Federal Judge Kristine Baker has ordered a halt to executions scheduled to begin Monday.

In a case brought by nine Death Row inmates — six of them still scheduled to die — the judge said they were entitled to a preliminary injunction based on their claim of the potential for cruel and unusual punishment by the lethal injection process and unreasonable restrictions on access to counsel during the execution itself.

This stops executions for Jason McGehee, Stacey Johnson, Marcel Williams, Kenneth Williams, Bruce Ward, Ledell Lee, Jack Jones, Don Davis and Derrick Nooner. Nooner isn’t currently scheduled for execution. Other courts previously had stayed the executions of Bruce Ward and Jason McGehee.

The judge, in a 101-page opinion, said Correction Department Director Wendy Kelley should devise an execution viewing policy that ensures plaintiffs’ right to counsel and access to the courts for the entire duration of all executions. She directed the parties to come to an agreement on that by April 17. There’d been testimony this week about the lack of phones in the execution area for attorneys to communicate if problems developed.


Said Gov. Asa Hutchinson, who set the execution dates:

When I set the eight execution dates in accordance with the law and my responsibilities, I was fully aware that the actions would trigger both the individual clemency hearings and separate court reviews on varying claims by the death row inmates. I understand how difficult this is on the victims’ families, and my heart goes out to them as they once again deal with the continued court review; however, the last minute court reviews are all part of the difficult process of death penalty cases. I expect both the Supreme Court of Arkansas and the 8th Circuit Court of Appeals to review the decisions quickly, and I have confidence in the Attorney General and her team to expedite the reviews.

I’ll be meeting with the attorney general and the Arkansas Department of Correction on Monday to determine next steps.

A statement from Attorney General Leslie Rutledge:


“It is unfortunate that a U.S. District Judge has chosen to side with the convicted prisoners in one of their many last-minute attempts to delay justice. This decision is significantly out of step with precedent from the Eighth Circuit and the U.S. Supreme Court. Attorney General Rutledge plans to immediately appeal to the Eighth Circuit and ask that today’s injunction imposed by the district court be lifted.”

This statement from John C. Williams, one of the federal defenders representing the inmates:

 “Today’s ruling is legally sound and reasonable. The unnecessarily compressed execution schedule using the risky drug midazolam denies prisoners their right to be free from the risk of torture. We are calling on state officials to accept the federal court’s decision, cancel the frantic execution schedule, and propose a legal and humane method to carry out its executions.”

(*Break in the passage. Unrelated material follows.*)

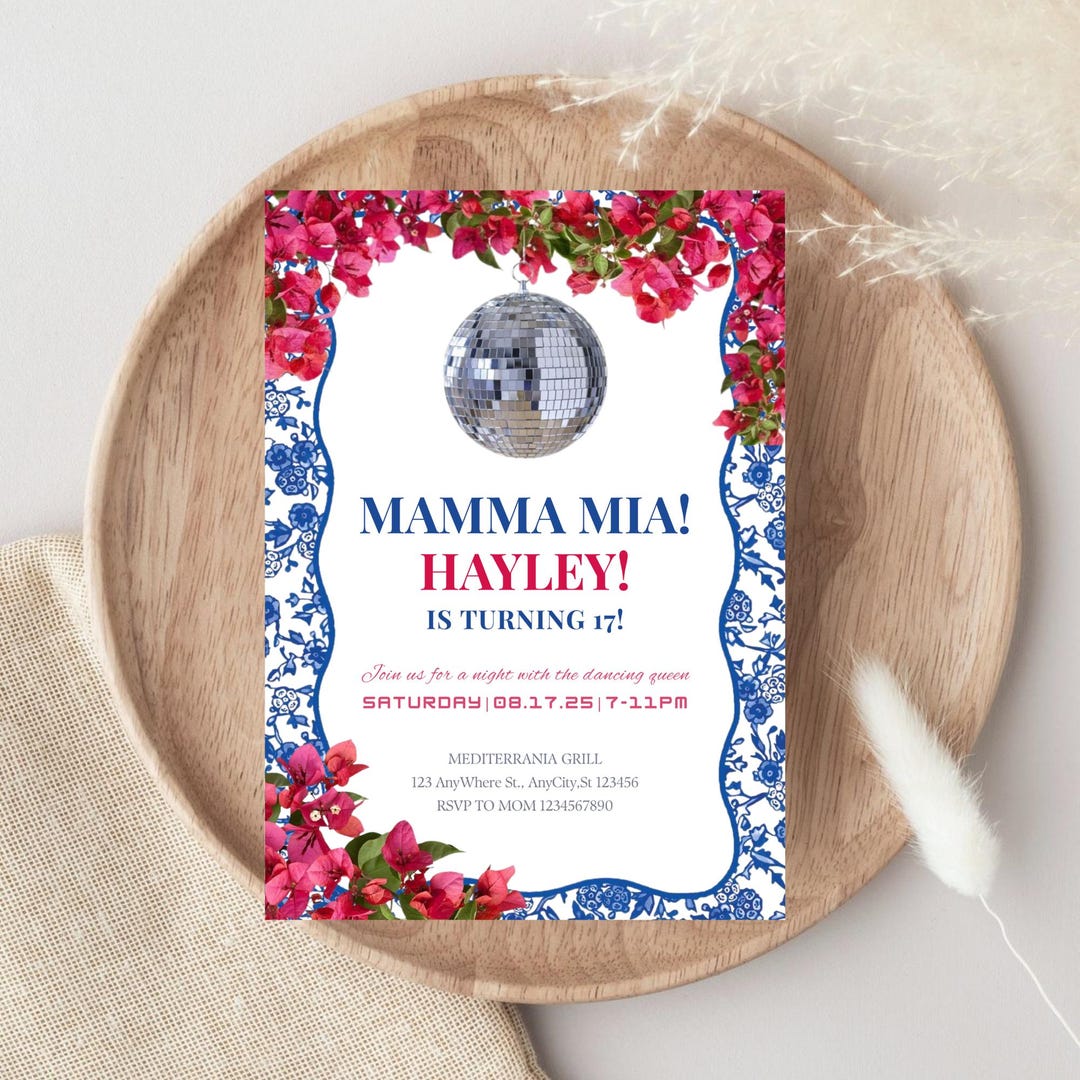 Editable Mamma Mia Themed Birthday Invitation Template, Mamma Mia Theme ...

The speed of the appellate process becomes key. One of the drugs to be used and the most controversial, the sedative midazolam, expires at the end of the month. The condemned offered expert testimony that there were doubts about the effectiveness of anesthetizing inmates against the searing pain that can be caused by injection of potassium chloride to stop the heart. A paralytic, vercuronium bromide, is the second drug used. 

The judge commented:

The threat of irreparable harm to the plaintiffs is significant: if midazolam does not adequately anesthetize plaintiffs, or if their executions are “botched,” they will suffer severe pain before they die. Defendants argue that plaintiffs “do not meet the standard for irreparable harm because their allegations and evidence of harm are entirely speculative” As this Court finds that plaintiffs have shown a significant possibility that they will succeed on the merits of their method of execution claims based on midazolam, the Court rejects this argument and finds that this factor weighs in favor of granting preliminary injunctive relief.

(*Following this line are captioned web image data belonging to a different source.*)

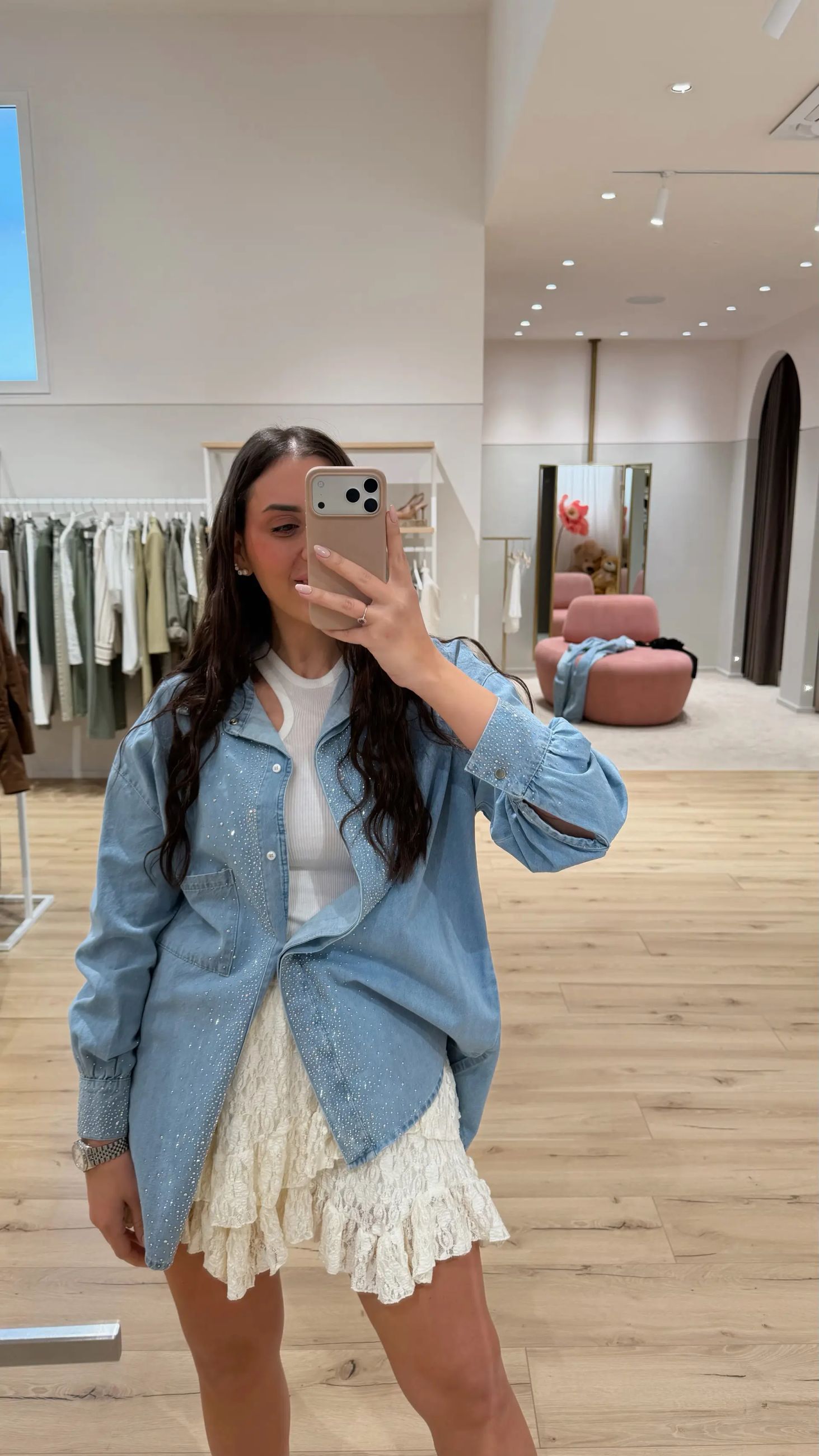 Camicia in denim over con strass - HaveOne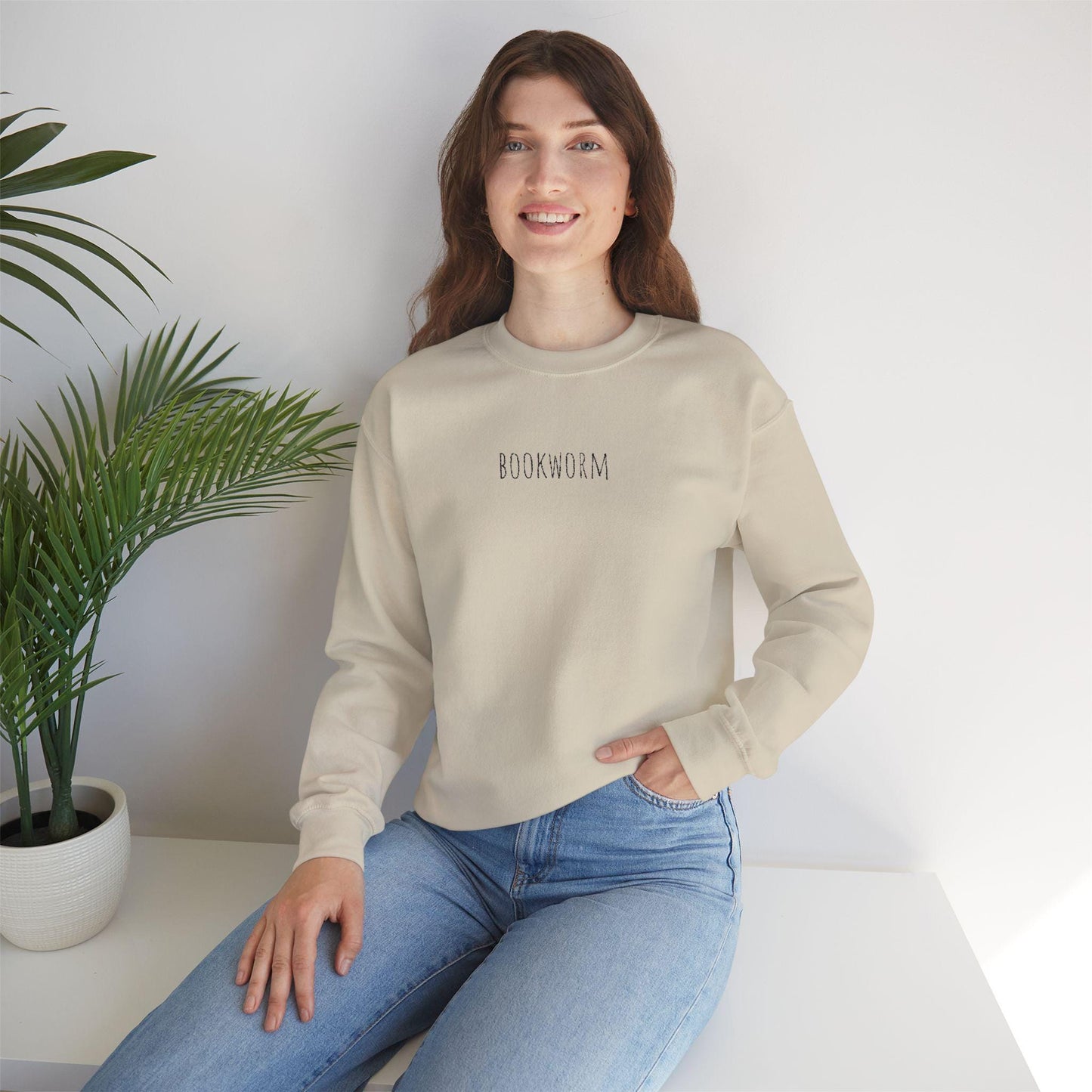 Bookworm embroidered sweatshirt, Perfect for reading lover gift.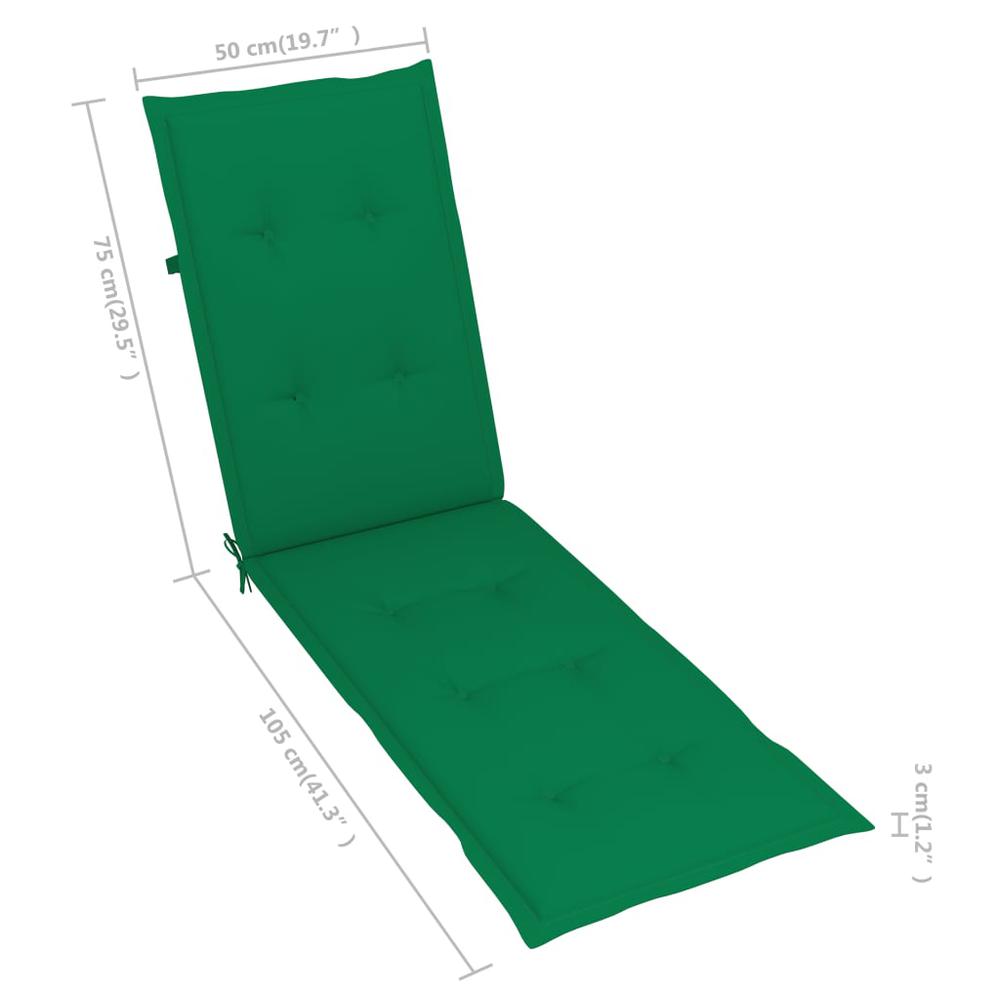 vidaXL Deck Chair Cushion Green (29.5"+41.3")x19.7"x1.2". Picture 8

The judge also commented at length on testimony about the potential for use of a firing squad as an alternative method of execution, an idea raised by the inmates. She noted testimony that prison guards are trained in use of firearms and that legislation would be required to authorize a firing squad. But:

The Court finds that, at this stage of litigation, plaintiffs have demonstrated a significant possibility that the firing squad is a reasonable alternative. The Court is not finding that the firing squad is a feasible alternative to the Arkansas Midazolam Protocol, it simply acknowledges that plaintiffs have demonstrated that there is a significant possibility of it being so, based on the evidence presented to the Court during its evidentiary hearing.

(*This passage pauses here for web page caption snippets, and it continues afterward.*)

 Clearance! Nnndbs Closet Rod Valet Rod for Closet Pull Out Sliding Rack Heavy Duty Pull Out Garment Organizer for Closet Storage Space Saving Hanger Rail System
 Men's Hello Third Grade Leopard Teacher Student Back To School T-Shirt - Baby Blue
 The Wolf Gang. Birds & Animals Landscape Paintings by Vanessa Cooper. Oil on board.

The judge also issued an order denying the state’s motion to dismiss the suit.  She dismissed the state argument that this amounted to a settled matter, that the plaintiffs were only engaging in delaying tactics. Significantly, she wrote:


It would be inequitable under the circumstances for this Court to dismiss this case without hearing evidence on whether the state’s intended use of midazolam would violate the Eighth Amendment. The circumstances are that, within the past week, a “circuit split” appears to have developed on this very issue.

In denying the motion to dismiss as a whole, the judge did say she didn’t agree with the claim that the compressed execution schedule itself amounted to a deprivation of the inmates’ rights.

The judge heard four days of testimony, finishing around 10 p.m. Thursday night. She and staff labored into the night on the case. It was filed this morning.

A lawyer with experience in death cases says the 8th Circuit Court of Appeals has a panel on standby to hear emergency death case appeals. It will have been receiving papers in this case already. When the state appeal is filed today, the judges will confer by conference call and could rule quickly. Will they vote. without a full evidentiary review, to overturn a judge who issued a 101-page injunction order and a 59-page order on the state’s dismissal motion after four days of extended testimony, simply to accommodate the state’s desire to hurry things up?

Baker’s decision, for now, makes less significant Wendell Griffen’s order barring use of one execution drug. But the Arkansas Supreme Court isn’t off the hook if the state files an emergency appeal of that ruling, as it has said it would do. It can’t be sure the 8th Circuit will leave Baker’s ruling in place. If it does not, then the Griffen ruling becomes key to continuation of executions.